» Problem to work on: In the entries that follow, repeat exactly the lines from the one that has "Cutthroat Sun Snuffer" through the one that has "Men's Nike Cream USMNT Max90 Earth T-Shirt", but omit pictures.

» Data supplied:

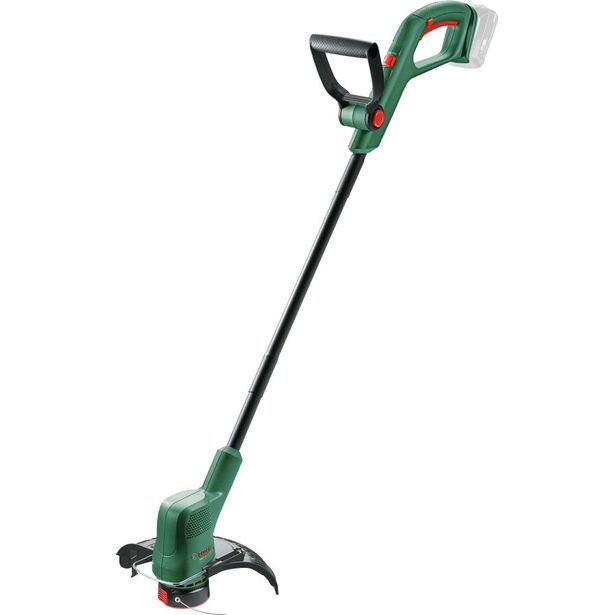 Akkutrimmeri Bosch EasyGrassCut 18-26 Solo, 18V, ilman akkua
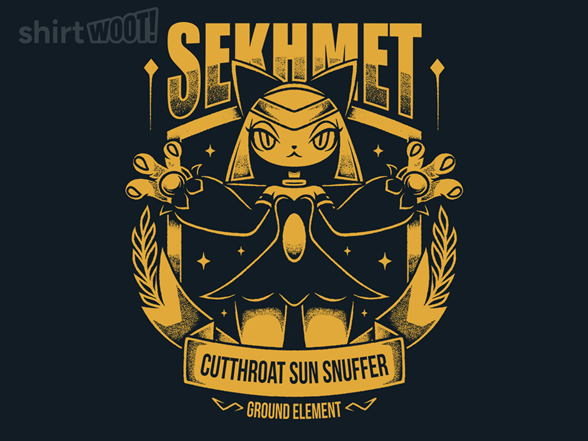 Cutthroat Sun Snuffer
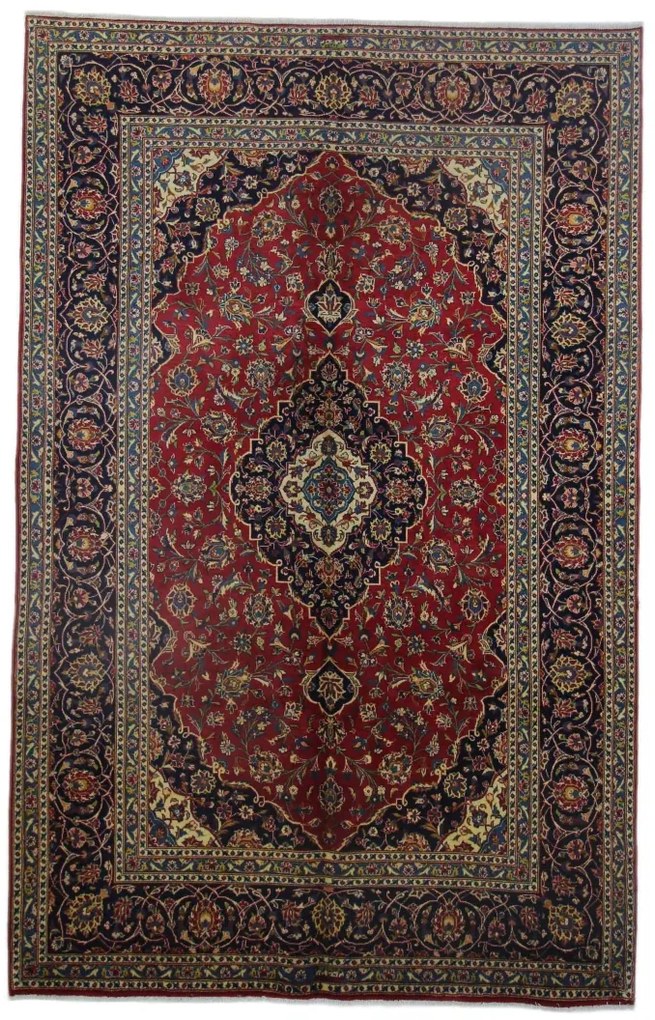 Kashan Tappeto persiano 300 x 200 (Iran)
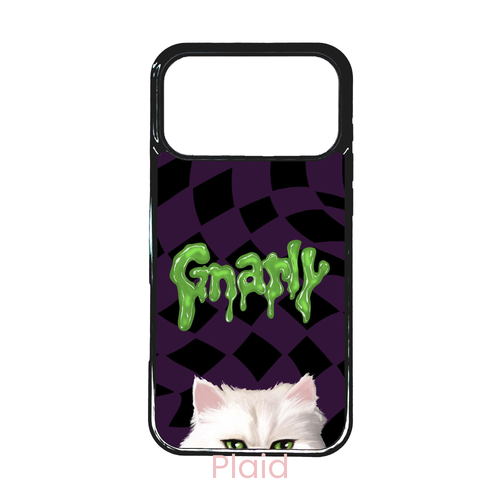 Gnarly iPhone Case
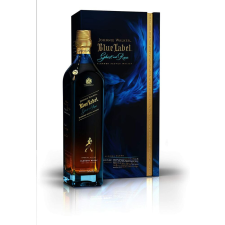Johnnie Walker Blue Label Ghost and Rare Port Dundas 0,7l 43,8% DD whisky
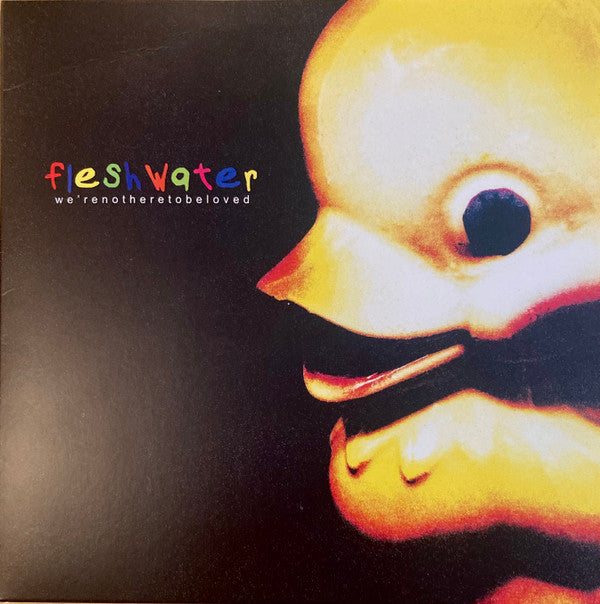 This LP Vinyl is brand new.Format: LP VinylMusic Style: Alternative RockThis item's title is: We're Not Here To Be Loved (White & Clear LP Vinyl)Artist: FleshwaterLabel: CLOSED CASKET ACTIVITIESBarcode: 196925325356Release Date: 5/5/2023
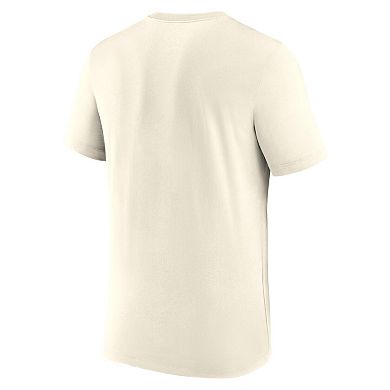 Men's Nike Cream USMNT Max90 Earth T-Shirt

---

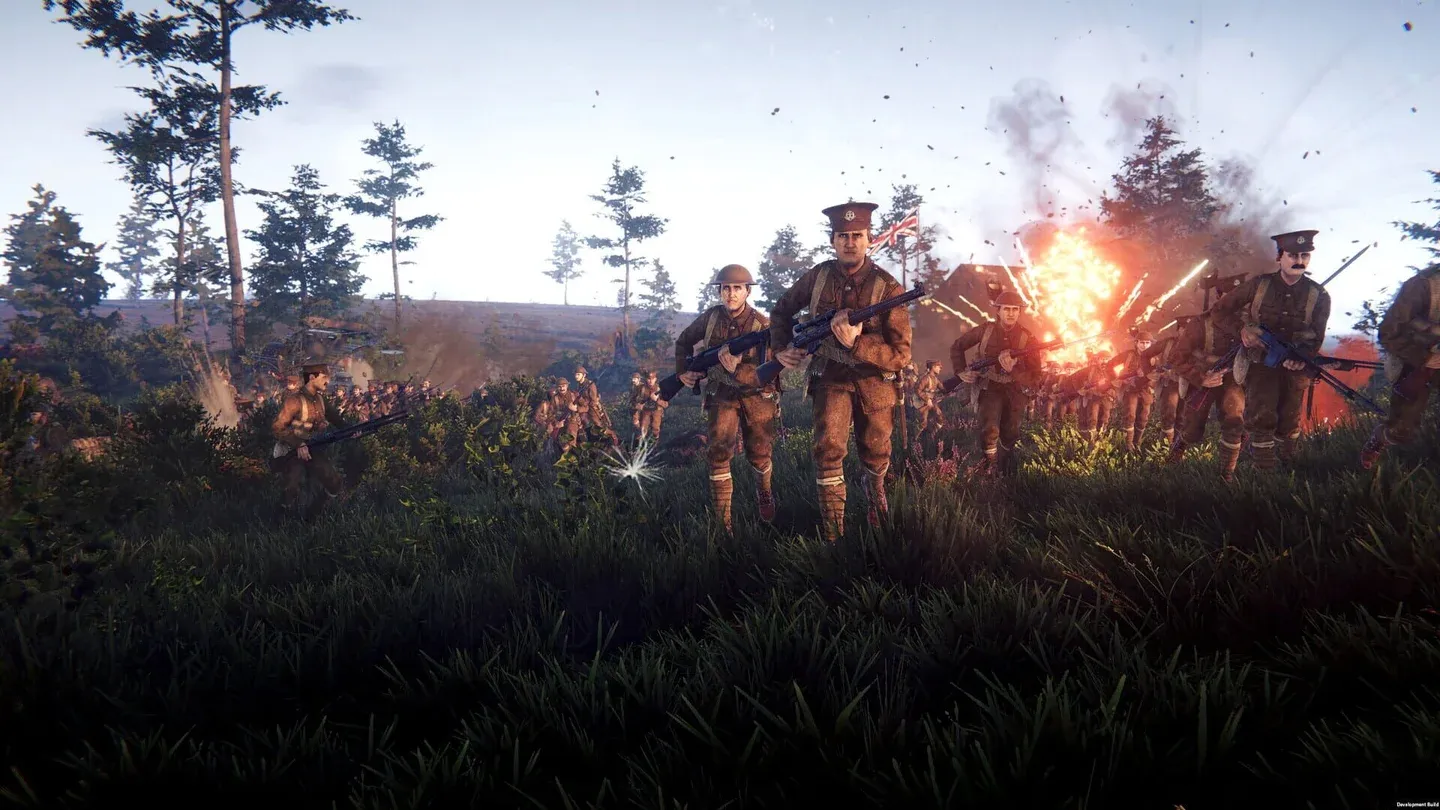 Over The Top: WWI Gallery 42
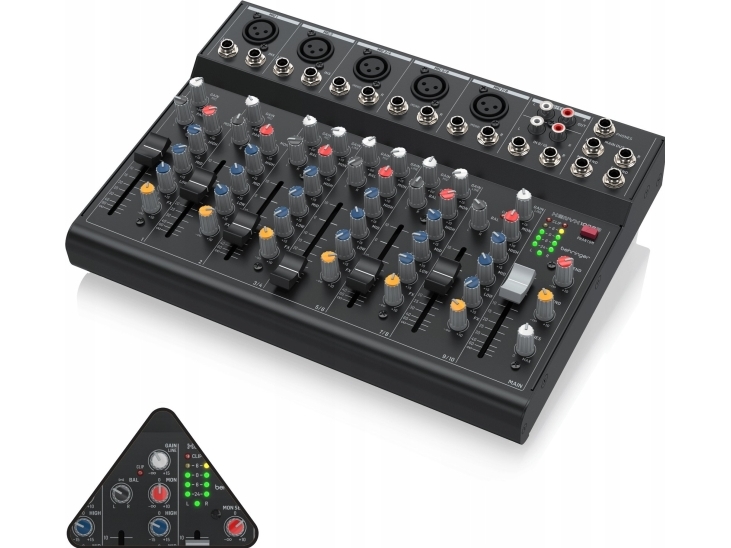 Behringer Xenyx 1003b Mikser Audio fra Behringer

==

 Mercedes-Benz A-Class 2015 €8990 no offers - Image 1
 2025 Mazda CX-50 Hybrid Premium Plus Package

» Exercise response:
 Cutthroat Sun Snuffer
 Kashan Tappeto persiano 300 x 200 (Iran)
 Gnarly iPhone Case
Johnnie Walker Blue Label Ghost and Rare Port Dundas 0,7l 43,8% DD whisky
 This LP Vinyl is brand new.Format: LP VinylMusic Style: Alternative RockThis item's title is: We're Not Here To Be Loved (White & Clear LP Vinyl)Artist: FleshwaterLabel: CLOSED CASKET ACTIVITIESBarcode: 196925325356Release Date: 5/5/2023
 Men's Nike Cream USMNT Max90 Earth T-Shirt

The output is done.